Que pensez-vous du futur des jeunes 'clubbeurs' ? Ils semblent que les 'plus forts' restent moins entre eux aujourd'hui… Pensez-vous que cela va continuer ?

Shawn : Les gens restent effectivement moins entre eux qu'avant. La musique n'est plus liée à des positions géographiques comme c'était le cas il y a encore cinq ou dix ans. Sans parler d'il y a 20 ans. Cela fait qu'il est plus difficile de créer les communautés qui régissent ce genre de monde si particulier. Il est plus difficile pour eux d'exister aujourd'hui. Mais oui, je pense que certaines des caractéristiques hédonistes et décadentes de la fête sont, selon moi, fondamentales à l'être humain. Certains aspects ne mourront jamais.

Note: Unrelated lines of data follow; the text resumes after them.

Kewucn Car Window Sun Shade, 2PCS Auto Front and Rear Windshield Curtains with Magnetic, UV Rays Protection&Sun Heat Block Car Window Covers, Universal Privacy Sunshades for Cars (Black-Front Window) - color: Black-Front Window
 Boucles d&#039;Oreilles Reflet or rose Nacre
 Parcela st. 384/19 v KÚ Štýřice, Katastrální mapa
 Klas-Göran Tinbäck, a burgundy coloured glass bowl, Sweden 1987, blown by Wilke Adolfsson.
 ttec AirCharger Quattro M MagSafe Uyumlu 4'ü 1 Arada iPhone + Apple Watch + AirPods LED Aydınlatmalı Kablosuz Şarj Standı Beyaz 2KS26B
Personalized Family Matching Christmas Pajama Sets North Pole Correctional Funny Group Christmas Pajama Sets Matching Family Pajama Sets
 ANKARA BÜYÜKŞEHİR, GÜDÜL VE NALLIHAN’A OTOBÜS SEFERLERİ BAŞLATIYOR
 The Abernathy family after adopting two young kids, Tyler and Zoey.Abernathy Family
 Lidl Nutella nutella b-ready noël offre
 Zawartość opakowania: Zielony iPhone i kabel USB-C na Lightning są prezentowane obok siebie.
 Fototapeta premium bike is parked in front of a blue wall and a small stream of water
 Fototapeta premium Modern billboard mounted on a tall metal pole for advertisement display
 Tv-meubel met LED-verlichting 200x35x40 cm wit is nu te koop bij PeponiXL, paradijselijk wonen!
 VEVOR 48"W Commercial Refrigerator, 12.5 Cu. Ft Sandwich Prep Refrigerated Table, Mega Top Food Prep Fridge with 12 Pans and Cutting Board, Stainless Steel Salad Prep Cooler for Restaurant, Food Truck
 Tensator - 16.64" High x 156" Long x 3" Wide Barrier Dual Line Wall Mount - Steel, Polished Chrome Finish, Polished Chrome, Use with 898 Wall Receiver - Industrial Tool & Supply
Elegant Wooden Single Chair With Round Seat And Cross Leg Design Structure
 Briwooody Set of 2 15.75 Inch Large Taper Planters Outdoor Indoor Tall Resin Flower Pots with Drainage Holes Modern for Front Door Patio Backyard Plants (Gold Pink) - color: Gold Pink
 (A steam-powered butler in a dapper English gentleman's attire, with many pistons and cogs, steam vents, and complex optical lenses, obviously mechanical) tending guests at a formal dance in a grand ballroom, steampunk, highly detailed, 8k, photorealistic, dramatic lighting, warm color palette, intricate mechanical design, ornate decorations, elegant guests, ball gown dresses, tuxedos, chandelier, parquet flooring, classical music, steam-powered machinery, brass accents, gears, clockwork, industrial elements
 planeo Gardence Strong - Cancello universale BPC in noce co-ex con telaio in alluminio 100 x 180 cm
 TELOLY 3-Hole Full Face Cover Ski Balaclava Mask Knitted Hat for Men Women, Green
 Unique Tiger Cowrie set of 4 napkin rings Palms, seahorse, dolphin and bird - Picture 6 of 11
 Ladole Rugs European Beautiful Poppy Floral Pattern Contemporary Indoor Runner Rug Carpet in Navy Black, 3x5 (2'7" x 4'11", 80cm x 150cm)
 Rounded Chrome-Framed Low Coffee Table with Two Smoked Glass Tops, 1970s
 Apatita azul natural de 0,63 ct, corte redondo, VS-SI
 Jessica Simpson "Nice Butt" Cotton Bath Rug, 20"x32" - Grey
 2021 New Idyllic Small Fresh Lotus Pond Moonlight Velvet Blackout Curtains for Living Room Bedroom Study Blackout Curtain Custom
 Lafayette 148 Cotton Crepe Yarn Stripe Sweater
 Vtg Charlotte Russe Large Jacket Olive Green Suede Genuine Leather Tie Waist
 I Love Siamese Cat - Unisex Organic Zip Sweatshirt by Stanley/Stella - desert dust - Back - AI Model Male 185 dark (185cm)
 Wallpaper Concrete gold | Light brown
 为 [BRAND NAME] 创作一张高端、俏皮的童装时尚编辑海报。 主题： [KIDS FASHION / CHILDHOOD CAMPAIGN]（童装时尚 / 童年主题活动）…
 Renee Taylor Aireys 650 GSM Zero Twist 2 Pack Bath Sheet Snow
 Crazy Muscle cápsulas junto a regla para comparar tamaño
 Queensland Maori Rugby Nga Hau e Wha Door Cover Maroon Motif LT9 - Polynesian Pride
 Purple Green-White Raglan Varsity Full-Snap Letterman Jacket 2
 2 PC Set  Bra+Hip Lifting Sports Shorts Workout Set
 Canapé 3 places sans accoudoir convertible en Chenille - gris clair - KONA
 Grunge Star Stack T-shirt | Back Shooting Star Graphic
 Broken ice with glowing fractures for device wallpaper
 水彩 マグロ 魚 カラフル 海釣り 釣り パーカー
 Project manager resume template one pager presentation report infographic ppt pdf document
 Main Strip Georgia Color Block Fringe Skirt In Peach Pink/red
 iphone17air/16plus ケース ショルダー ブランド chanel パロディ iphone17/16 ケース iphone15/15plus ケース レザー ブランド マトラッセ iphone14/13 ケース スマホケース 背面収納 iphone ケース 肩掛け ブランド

Ernie : Je suis d'accord avec Shawn. Certains êtres humains ont besoin de ces spectacles, de cette extravagance et ce désir ne s'arrêtera jamais. C'est pourquoi à Londres, à New York ou dans d'autres grandes villes du monde, on voit des gens s'habiller de manière folle et extravagante. Une pratique qui relève même du besoin parfois. Une besoin d'expression. Je ne sais pas si nous sommes moins tribaux aujourd'hui - je pense que le concept de tribalisme a changé. Dans le passé c'était sans doute géographique, aujourd'hui c'est plus une question d'esthétique et de choix personnel. Il est possible d'être membre d'une tribu à l'autre bout de la planète grâce à internet. Il est possible de n'écouter qu'un seul genre de musique toute sa vie si on le souhaite. Alors qu'avant internet cela était impossible. Donc je pense que les gens sont toujours tribaux. En fait, il pourrait l'être encore plus.

Fit For Purpose sort le 15 mai sur Avian Records.